As I think back on that experience, I’m tempted to believe that I was twice as strong as the two men who were originally pushing the car. I’d been working out, so it was possible! Except for the fact that when my son joined us we again doubled our speed – and I know he’s not stronger than me (Well, he wasn’t at that time, anyway).
This simple story illustrates the power of momentum. Now, I’m not a scientist, but this much I know – it’s better to have momentum working for you than working against you. As a counselor and a marriage coach, I often work with people wrestling against the momentum that has built up in their marriage. The momentum of bad decisions, painful interactions, and frequent neglect.
Life can be hard and demanding at times – bills to pay, snow to shovel, appointments to make, bills to pay, kids to transport, project deadlines to keep, bills to pay. We can be tempted to rely on occasional celebrations like Valentine’s Day or anniversaries, to demonstrate our love for one another.
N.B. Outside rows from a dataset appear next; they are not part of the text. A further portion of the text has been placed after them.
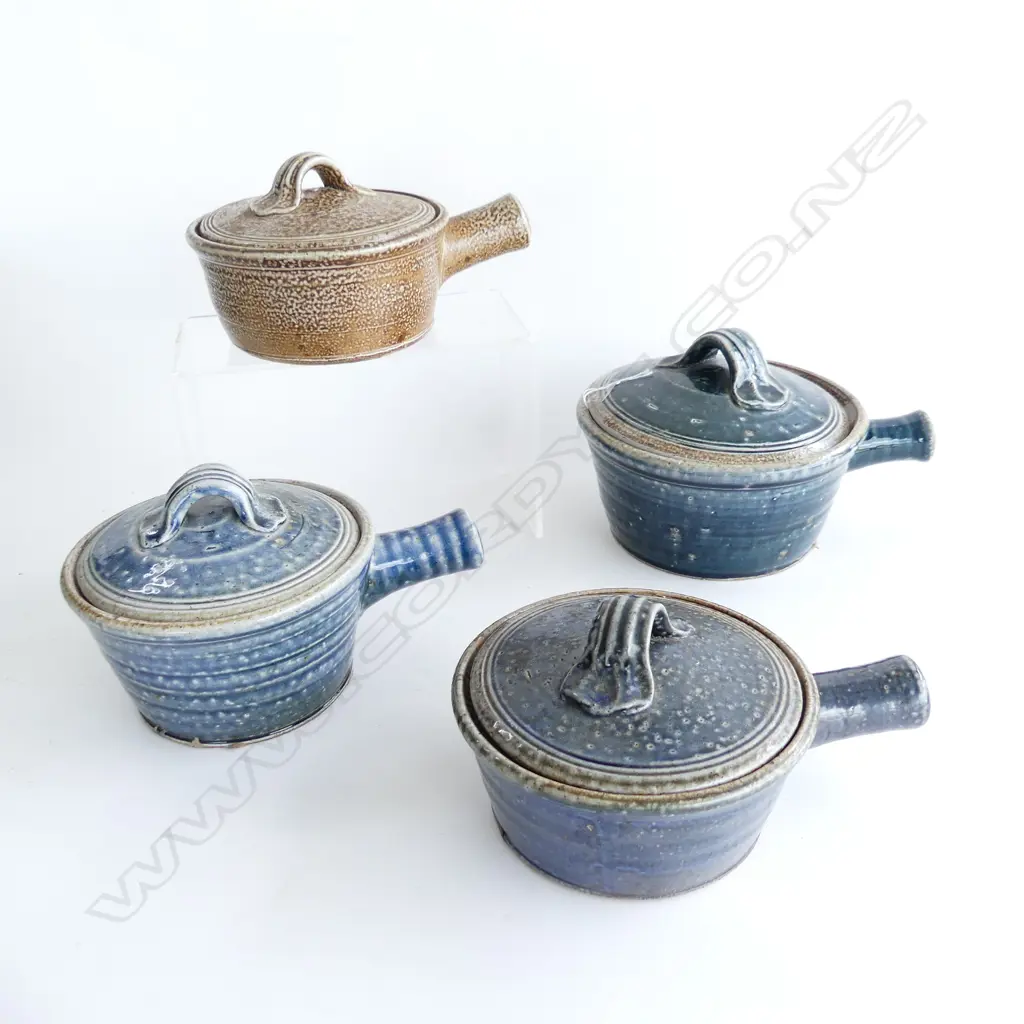 4 PCS RENTON MURRAY HILLSIDE POTTERY COOKWARE SET LARGEST DIA. 190MM Image 1++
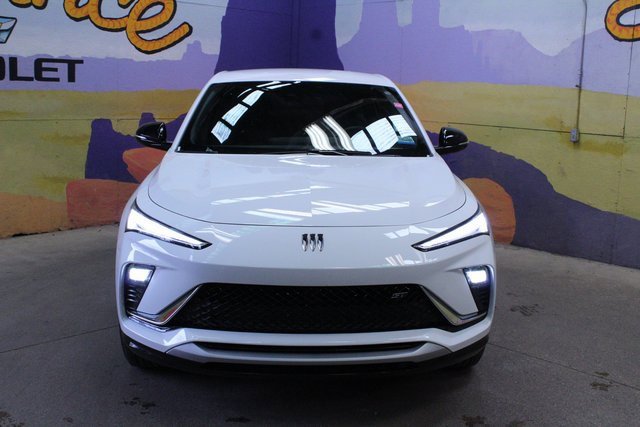 Certified 2025 Buick Envista Sport Touring w/ Convenience II Package image 3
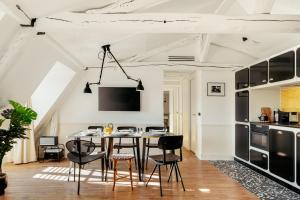 my maison in paris louvre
I believe this is a bit like the four men in my story taking turns pushing the car uphill, rather than building on the momentum of each other’s efforts to keep the car going in the right direction. If we are not building the momentum of love and romance, our sporadic efforts might produce less impact and may even discourage us from making any effort at all.
Here is my suggestion: instead of making February 14th the hallmark of your undying love, why not build up to it now, and let Valentine’s Day add another oomph of momentum?
In his book, Why Marriages Succeed or Fail, psychologist John Gottman states that the key to happiness in marriage is NOT the amount of conflict you have or the communication style you use, but whether you have AT LEAST five times as many positive moments as you do negative moments together.
With this in mind, I suggest you make the commitment to initiate five positive interactions with your spouse each day. They can be small – a smile, a hug, words of gratitude, an extra chore, a small gift – but it must be something a little out of the ordinary that affirms how much you value him or her. Challenge yourself at the end of the day to be able to identify those five loving actions, even if your spouse has not yet noticed.
Take the lead in creating a positive moment together with your spouse, and keep the momentum going now through your next anniversary!